Magazine Moyen Orient
Dans le bus 18 qui descend vers le centre ville, il y a une fille aux cheveux bleus qui rêve. Elle est assise, toute seule. Devant elle, deux garçons orthodoxes - cheveux noirs, pantalon noir à pli, pull en coton noir, kippa noire - qui l'épient persuadés d'être discrets. Sous prétexte de suivre les (lents) développements du chantier du tramway, ils se retournent sans cesse et s'échangent au passage un regard complice.
Deux vieillards installés à l'arrière les contemplent d'un air réprobateur avant de se lancer dans une discussion presque chuchotée, en Yiddish. C'est le signe des sectes ultra-orthodoxes du quartier de Mea Shearim, pour la plupart anti-sionistes, qui pour mieux signifier leur refus de reconnaissance de tout symbole national s'opposent à l'usage de l'Hébreu moderne au quotidien. Barbe blanche et chapeau noir - dont ils portent chacun la boite en carton sur les genoux - ils sont fixés par un garçonnet arabe, assez perplexe.
Une fois le boulevard Herzl dépassé, le bus poursuit vers la station centrale et s'y remplit.

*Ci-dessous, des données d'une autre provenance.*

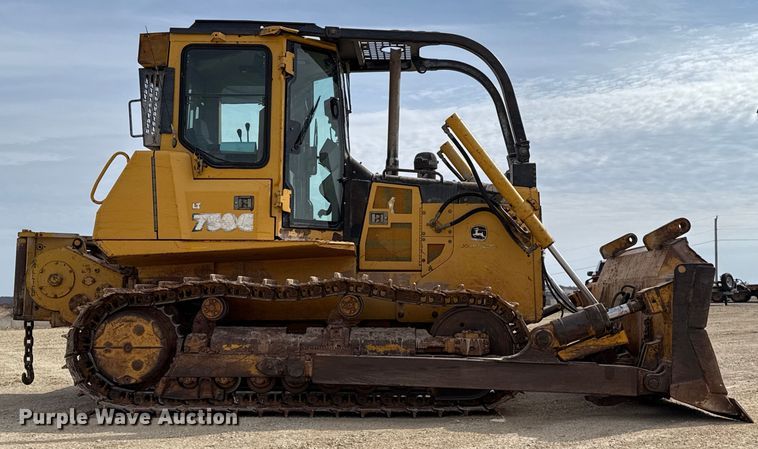 image for item ES5798 2004 John Deere 750C LT dozer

Un groupe de soldats obstrue un moment le passage avec des caisses noires marquées du sigle du commandement central. Ils portent encore le béret vert pâle des nouveaux conscrits, visiblement épuisés, et déséquilibrés par le poids de leur arme ils se cramponnent aux poignées, entre deux poussettes, à chaque tournant.
A mes cotés s'est assise une fille, entièrement voilée. Elle parle au téléphone dans un arabe animé, mi-guttural mi-chantant. D'autres étudiants nous entourent, plongés pour la plupart dans le quotidien gratuit des transports hiérosolymitains. Il commence à faire chaud à Jérusalem, nous sommes en sandales, jeans court, tee-shirts imprimés, mais avec bien sur un pull pour survivre à la climatisation intensive de tous les lieux publics.
La couverture du journal d'aujourd'hui est une statistique: sur 15,000 enfants en CP à Jérusalem cette année seuls 2000 sont scolarisés dans le système laïque. Les autres sont élèves du système public religieux, des écoles publiques arabes, et des établissement hors-contrat des différentes mouvances du secteur Haredi. La jeune population fuit vers Tel Aviv, découragée par la hausse des prix du logements, le manque d'infrastructures et la pression religieuse.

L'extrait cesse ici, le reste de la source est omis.